Ambassadeur du Gabon auprès du Benelux et de l’Union européenne, Serge Thierry Mickoto Chavagne nous a accordé un entretien pour évoquer son parcours, sa vision de la diplomatie et les enjeux des relations entre l’Afrique et l’Europe.
En quoi consiste votre travail d’ambassadeur à Bruxelles ?
Serge Thierry Mickoto Chavagne – Au quotidien, j’exerce la feuille de mission que mon pays m’a donnée, avec des objectifs à atteindre qui peuvent être d’ordre politiques, économiques, sociaux ou culturels. Il y a d’un côté les relations bilatérales, comme celles entre le Gabon et la Belgique ou le Luxembourg. Et de l’autre, les relations multilatérales, qui concernent les échanges avec les institutions internationales. Le rôle du diplomate, c’est de s’assurer que les relations entre son pays d’origine et le pays dans lequel il exerce restent les plus fluides possibles. Il anticipe les tensions, les prévient ou les apaise. Car, l’histoire nous l’enseigne, certaines tensions ont déjà mené à des guerres. Il faut éviter que cela ne se reproduise. C’est pour cela qu’a été adoptée, en 1961, la Convention de Vienne sur les relations diplomatiques. Elle définit le rôle, les devoirs et les immunités des diplomates.
Est-ce que vous travaillez en réseau avec d’autres ambassadeurs ou fonctionnaires ? Y a‑t-il des formes de solidarité ou de coordination avec les autres pays africains ?
S‑T MC – Oui, il y a une antenne de l’Union africaine à Bruxelles. L’Union européenne peut prendre des décisions qui affectent les économies africaines, comme l’Union africaine peut en prendre qui affectent ses relations avec les pays européens. (…) Dans le cadre de l’Union africaine, nous œuvrons à la coordination. Le Gabon, par exemple, préside depuis plusieurs années un comité ad hoc chargé de préparer les relations avec l’Union européenne.

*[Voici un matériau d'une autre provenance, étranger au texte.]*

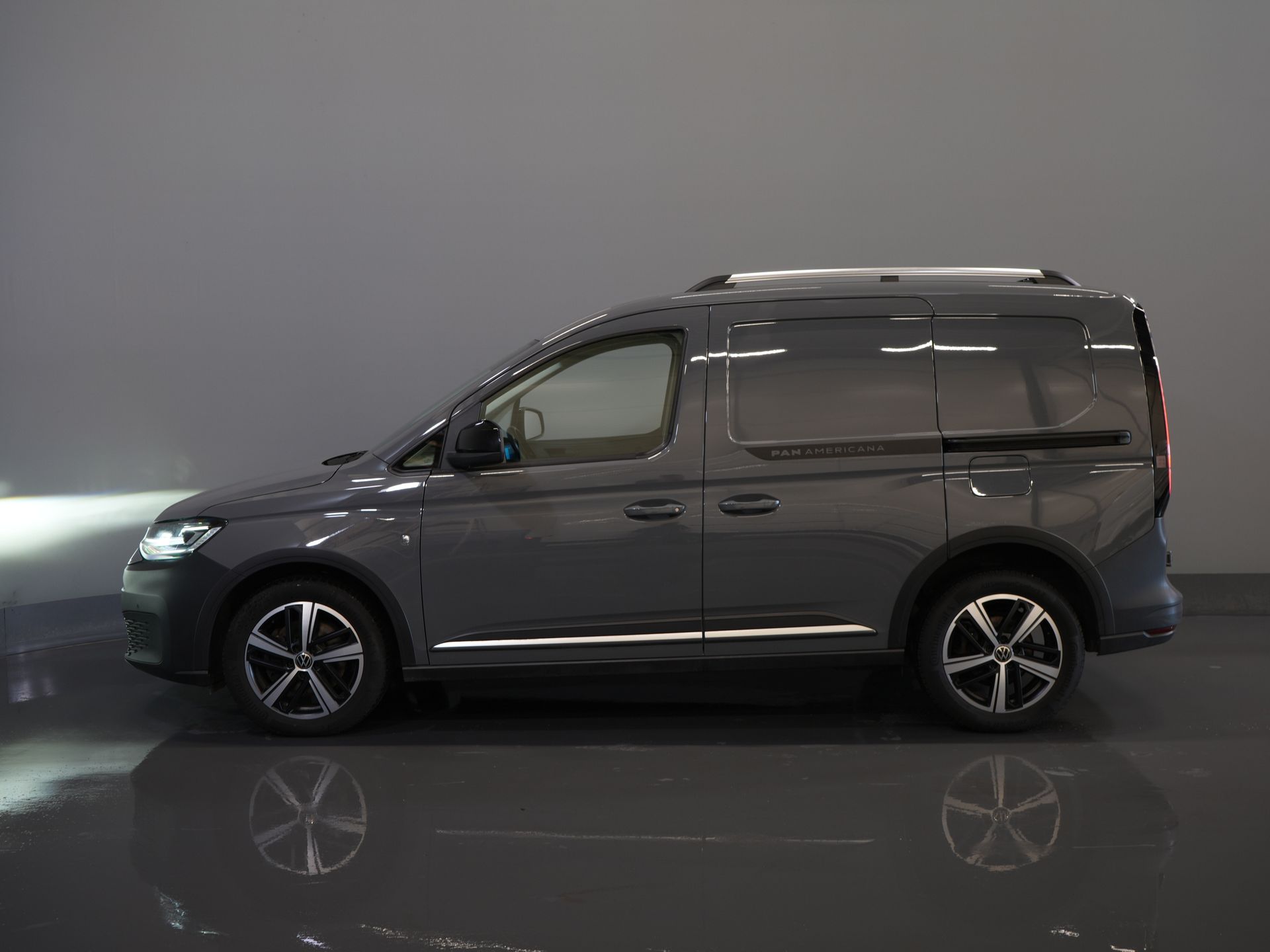 Volkswagen Caddy Cargo Bestelbus 2.0 TDI 125 pk DSG Aut. PanAmericana BPM VRIJ! 2x Schuifdeur/ LED/ Adapt. Cruise/ VC/ Camera/ PDC 9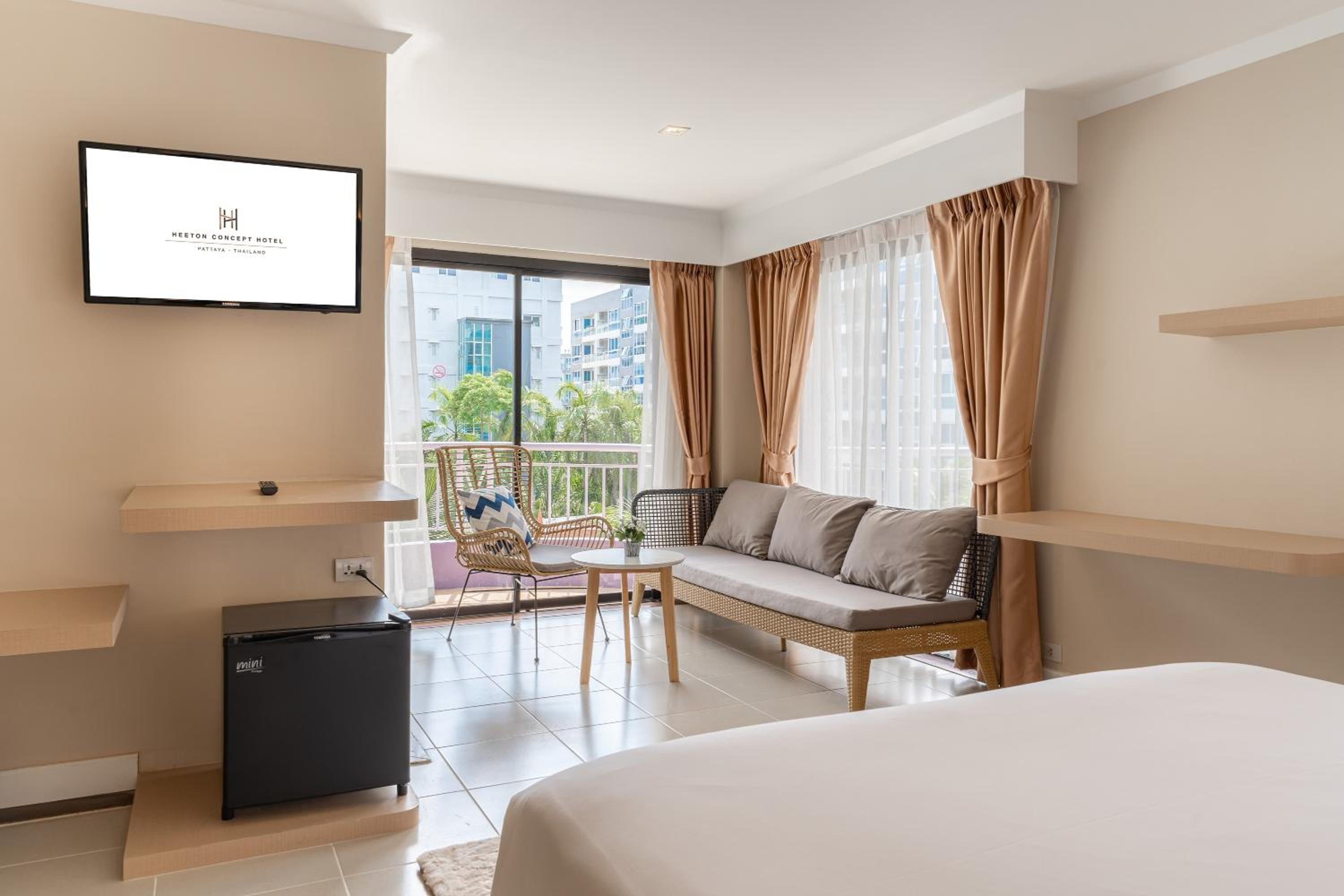 Corner Suite with Balcony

Quels intérêts les pays africains trouvent-ils dans l’Union africaine, et que peuvent-ils apporter à l’Union européenne ?
S‑T MC – Dans un monde où certains prônent le repli sur soi, le principe de solidarité est fondamental. Être membre de l’Union africaine, pour le Gabon comme pour d’autres, c’est ne pas rester seul face aux grands défis. C’est partager une vision, coordonner des positions et défendre ensemble des intérêts communs. Ce que nous apportons à cette Union, c’est notre singularité, notre façon de faire, nos ressources. Et en retour, l’Union nous donne une voix collective face à des partenaires comme l’Union européenne. Avec cette dernière, nous avons des conventions qui vont au-delà des aspects politiques : elles structurent aussi nos relations économiques. La plus récente, signée à Samoa entre l’Union européenne et 78 pays d’Afrique, des Caraïbes et du Pacifique, pose un cadre pour les vingt prochaines années. Cela permet de naviguer avec des instruments clairs, plutôt qu’à vue.
Cela facilite-t-il aussi les échanges commerciaux ?
S‑T MC – Oui, dans une certaine mesure. Des accords peuvent, par exemple, encourager l’importation de bois africain en Europe. Mais ce n’est pas toujours simple. L’Union européenne a adopté un règlement pour limiter l’importation de bois issu de zones déboisées, afin de lutter contre la déforestation.
Et comment le Gabon répond-il à ce type de régulation ?
S‑T MC – Le Gabon aussi peut poser des conditions. Nous sommes engagés dans la préservation de l’environnement depuis longtemps. Nous possédons 13 % de la forêt du bassin du Congo. Cette forêt joue un rôle crucial dans la régulation du climat mondial. Le Gabon capte plus de CO₂ qu’il n’en émet. Nous pourrions donc décider de limiter l’entrée de produits qui ne respectent pas les normes que nous appliquons nous-mêmes. C’est aussi cela, la diplomatie économique : faire valoir nos efforts, défendre nos intérêts et négocier sur un pied d’égalité.
Comment voyez-vous le Gabon dans les années à venir ?
S‑T MC – De manière positive. Le pays est sur des rails solides : cohésion nationale, stabilité politique, gestion économique… Mais nous évoluons dans un monde instable. C’est pourquoi il est essentiel de faire vivre l’esprit de la Convention de Vienne.
La situation politique du Gabon
Le Gabon, pays d’Afrique centrale de 2,4 millions d’habitants, traverse une période de transition depuis le coup d’État militaire du 30 août 2023. Le général Brice Oligui Nguema, arrivé au pouvoir, a été élu président le 12 avril 2025.